At 4:45 I had Dinner (Roast Chicken) in the Diner, seated with two volunteers with the "Trails and Rails" Program out of the Goleta Depot Museum. We rounded Point Conception, and saw the Channel Islands offshore. Approaching Goleta, they pointed out an Abalone Farm in a Canyon below us. We had a few minutes free to step out at Santa Barbara, then continuing South past the S.B. Zoo we could see the California Condors inside their new Free Flight Exhibit, and the tracks of the little Children's Train there.

Heading along the Coast to Ventura, we saw fine views of the Ocean by late afternoon Sunlight... many fine Beaches, enjoyed by both Surfers and Pelicans. We crossed Hwy 101 by the Ventura Pier, and got our final Ocean Views from there. Sunset was in Oxnard (where we were 15 Minutes behind Schedule), and a dramatic Orange Moonrise in Moorpark. It was dark before Simi Valley, but crossing the Pass into Chatsworth the San Fernando Valley was sparkling with Lights. We passed the Van Nuys Airport, and cut a straight course across the Valley. There were piles of junked Cars sparkling in the Moonlight. We passed the Burbank Airport and the Burbank Station, then stopped for a Red Light near Glendale.

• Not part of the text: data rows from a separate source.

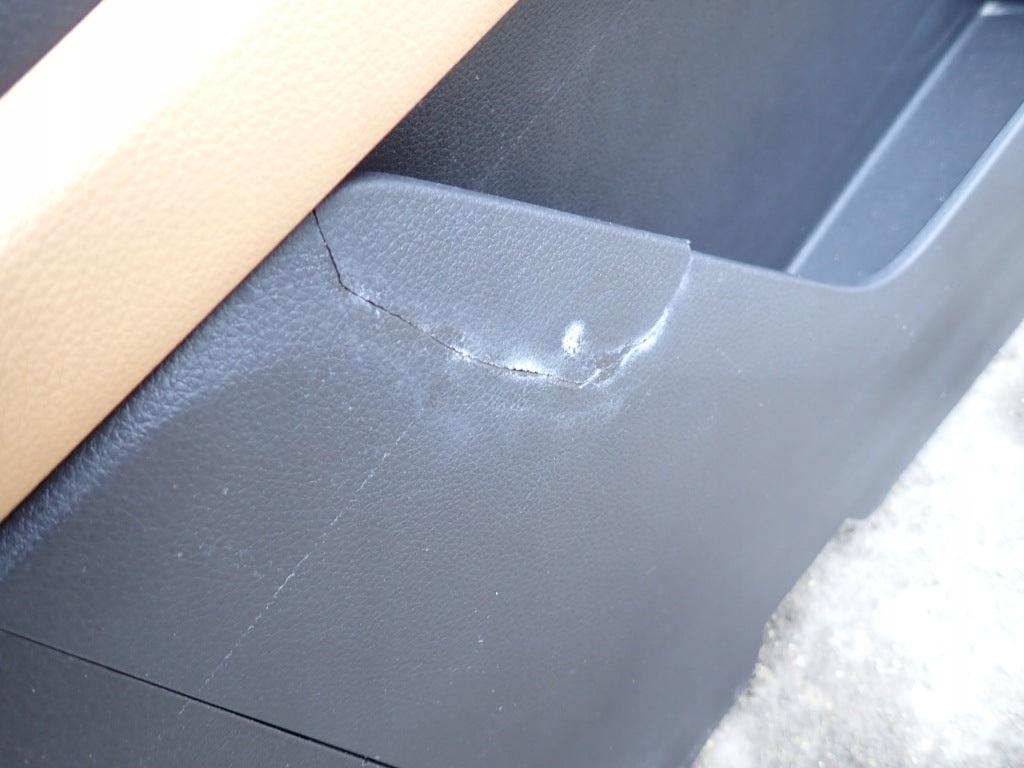Tapicerka Kpl. Fotele Boczki Podłokietnik Kia Carnival LX 3.5 KA4 2020-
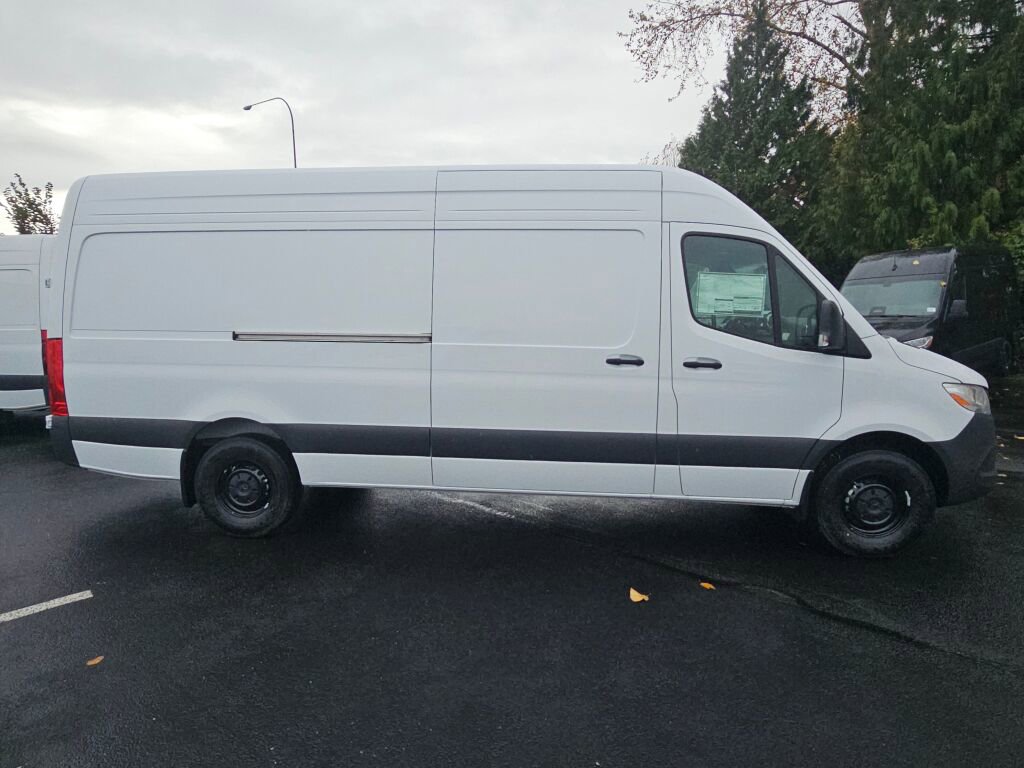 New 2025 Mercedes-Benz Sprinter 2500 image 7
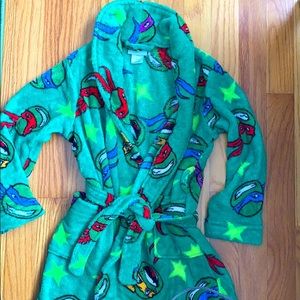 Mika Turtle bathrobe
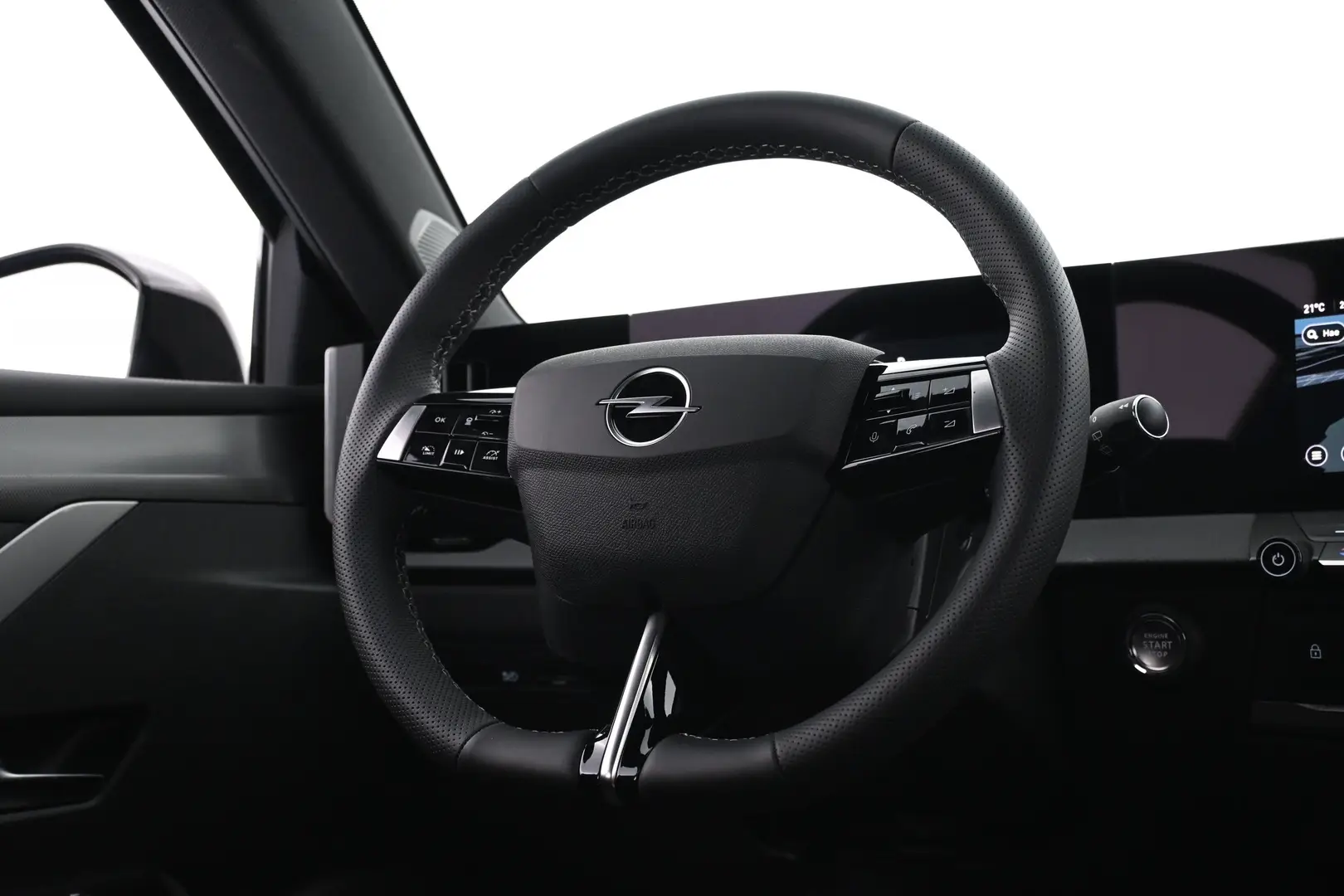Car Image - e2byUTi1a1cwCr7KkBxIm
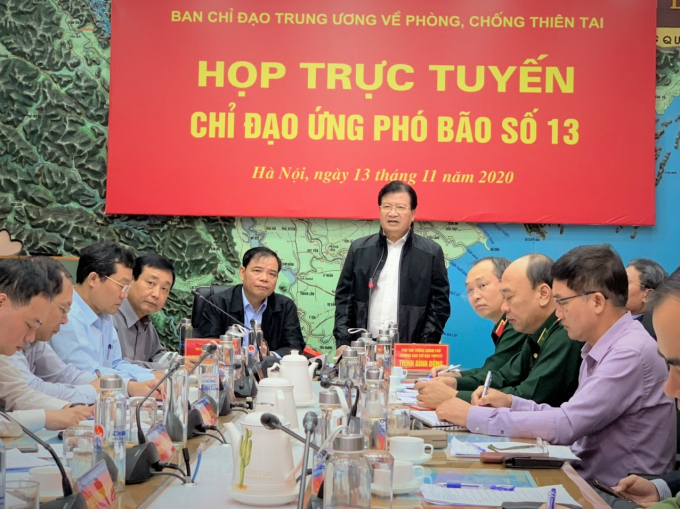 Phó Thủ tướng Trịnh Đình Dũng và Bộ trưởng Bộ NN-PTNT Nguyễn Xuân Cường chủ trì cuộc họp trực tuyến chỉ đạo ứng phó bão số 13 sáng ngày 13/11. Ảnh: Lyly.
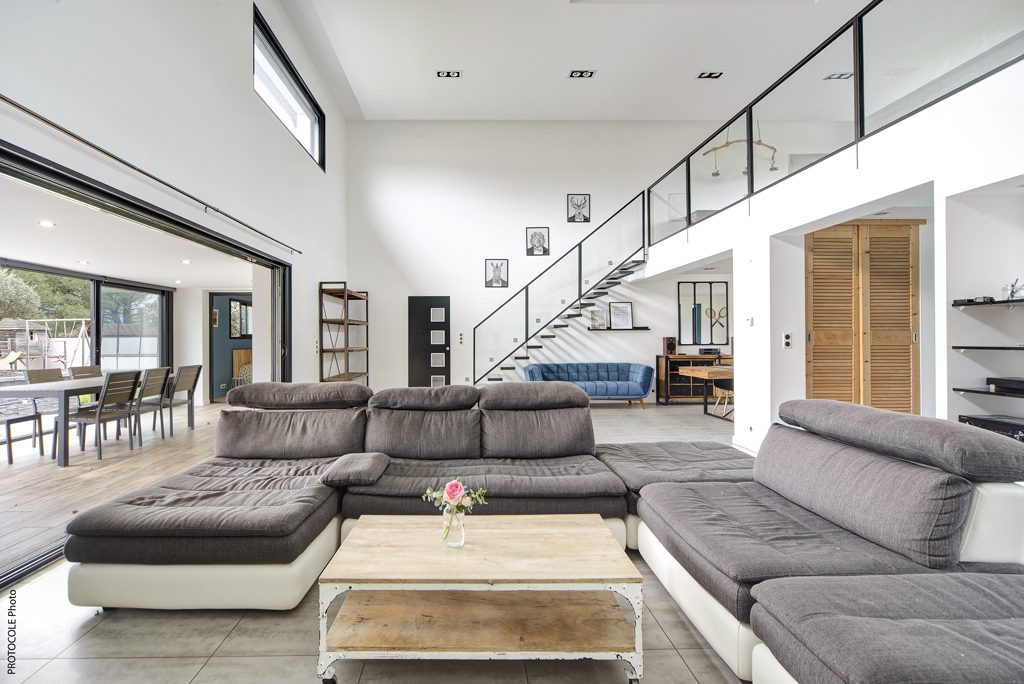 Villa contemporaine d’exception avec piscine, grand garage et prestations haut de gamme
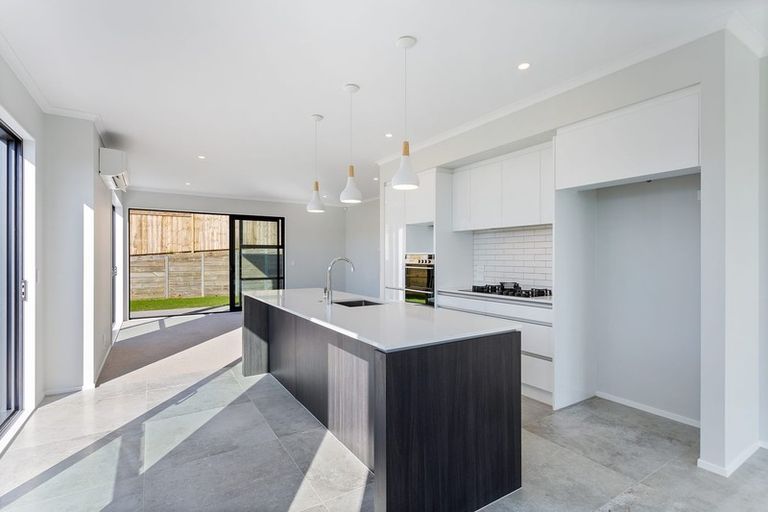 Photo of property in 17 Kuku Avenue, Red Beach, 0932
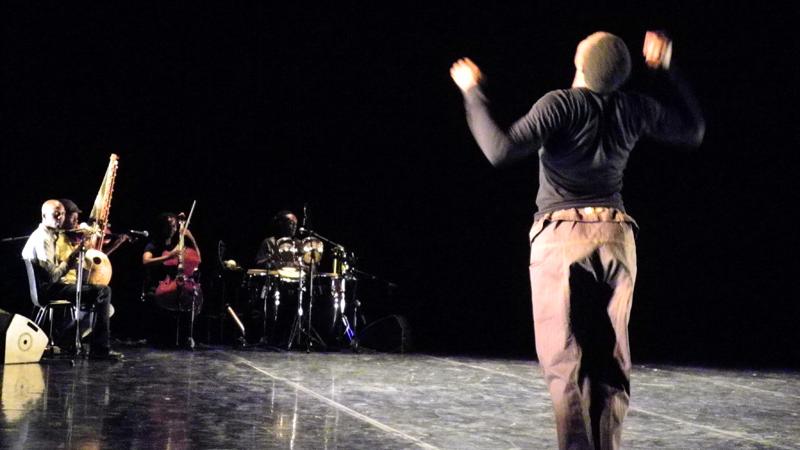 Coreógrafos españoles y africanos trabajan en Barcelona para generar intercambios creativos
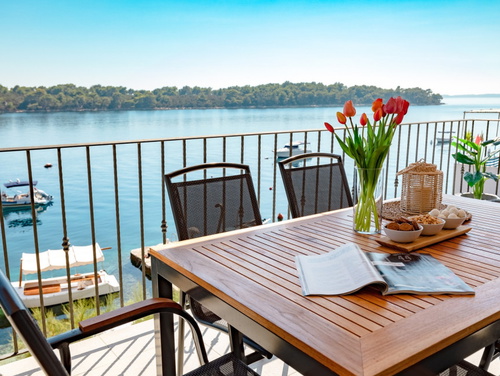 Waterfront villa Marija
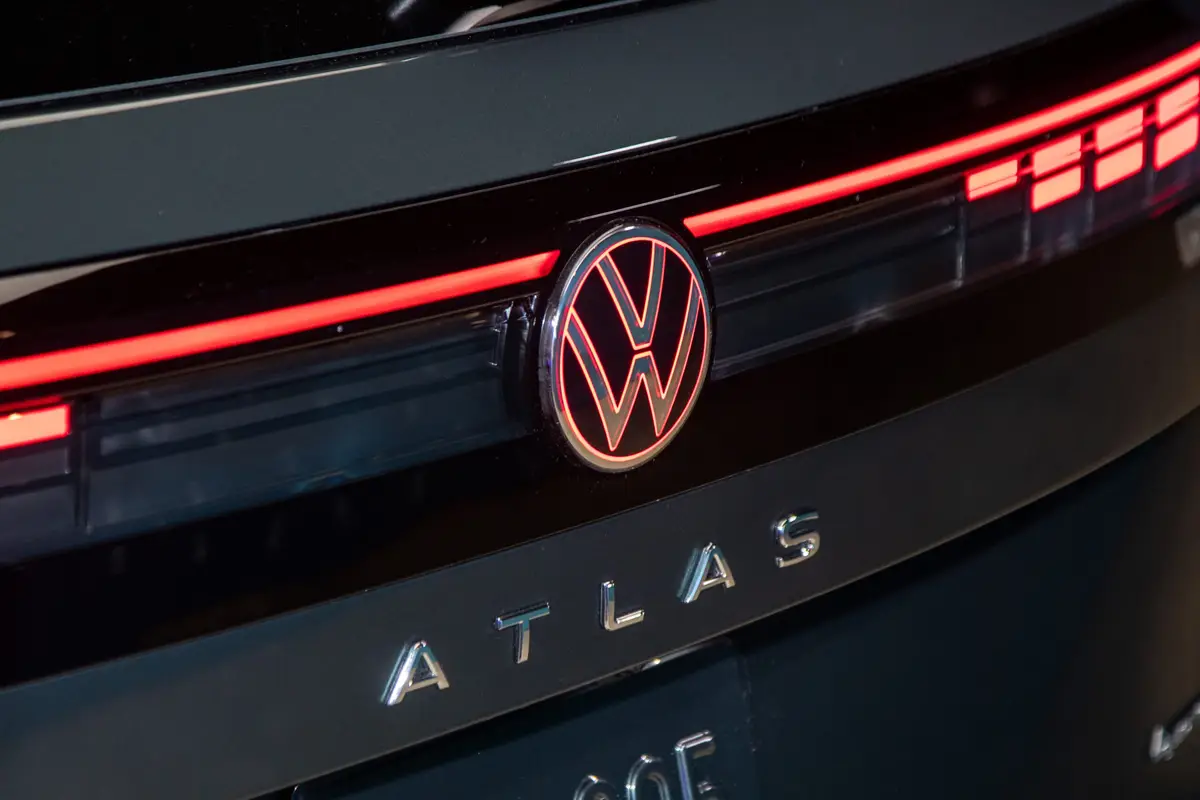 volkswagen atlas 2027 13 exterior rear badge scaled jpg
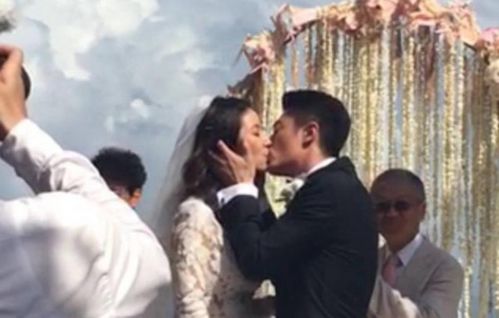 霍建华婚礼上亲吻林心如 宣誓:携手走过风雨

Most of the Passengers thought we must be in LAX already (since they had been making announcements about getting off the Train). I kept trying to tell people, "We aren't even there yet!". Eventually they found their way back to their seats. At 8:55 PM we arrived at Union Station, on Track 11, five minutes ahead of Schedule.

I walked over to the Metro Plaza Hotel, and checked in for the Night.

(to be continued in this thread...)


----------



## p&sr (Sep 10, 2009)

Part II

On Saturday Morning, I was up at 6:00 for a quick Walk through ChinaTown (through the Dragon Gate Entrance on Broadway), and had a fine Breakfast at Philippe's... Ham Steak and Eggs, Country Potatoes, Biscuits with Honey, and Lemonade. I headed over to Union Station in time to see the SouthWest Chief arrive at 7:20, and also saw the departure of the 7:30 Surfliner Northbound (with single-level east-coast equipment). There was an Engine on each end, but the trailing Engine had large open doors on the side suggesting that it was the shell of a former Engine that had been converted into a Baggage Car.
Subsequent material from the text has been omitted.